MY FEELINGS ON THE EPISODE

This is without a doubt one of the best episodes of the first season, and probably a strong contender for a spot in the top ten of the entire series. "Steelfinger" is one of the best-written parodies I've seen, not just in animation, but in all types of TV shows. Bob Forward's writing rarely disappoints. As I mentioned earlier, Modo's conflict over whether to accept the arm from Limburger is one of the defining moments of his character. You know that he's going to refuse, but still, it does give us a better idea of just who Modo is. The fact that he's not overly fond of his arm, as shown in this episode, eventually leads into the revelation that it was Karbunkle built it as part of a plan to enslave Martian mice. So some interesting plot points are introduced. The visuals for this episode are among the best. The Marvel character cameos have always been one of my favorite moments, and the Bond-style gunsight opening is very well done.

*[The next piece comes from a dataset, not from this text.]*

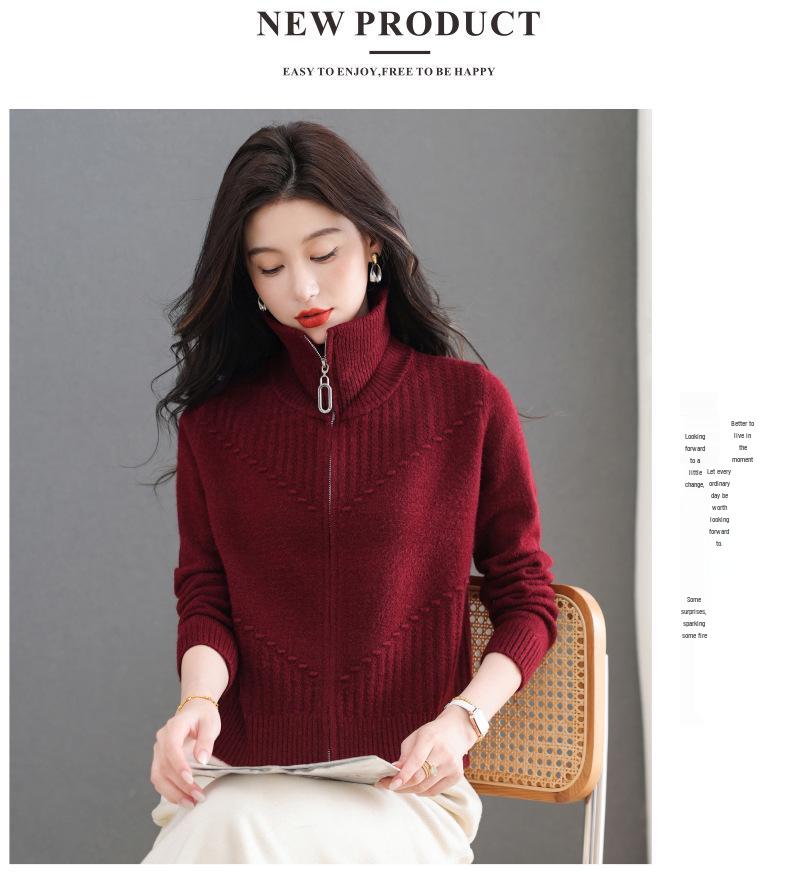 Damen Schlankmachende Mode Revers Reißverschluss Strickjacke Jacke, Kurzer Langarm Pullover Mantel für Herbst/Winter 2025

If you haven't seen this episode yet, I highly recommend picking it up. Since it is one of the thirteen first-season episodes, you can still pick it up. The tape is titled "A Mouse and His Motorcycle", and contains that episode and "Steelfinger." E-bay is a great place to pick up the first-season tapes, usually at a bargain price. Simply enter "biker mice" in the search field, and a listing of available Biker Mice products will be given. Amazon.com is another good place to go looking. Searching through Yahoo and AltaVista might also turn up video sources online. You won't regret your search. Good luck!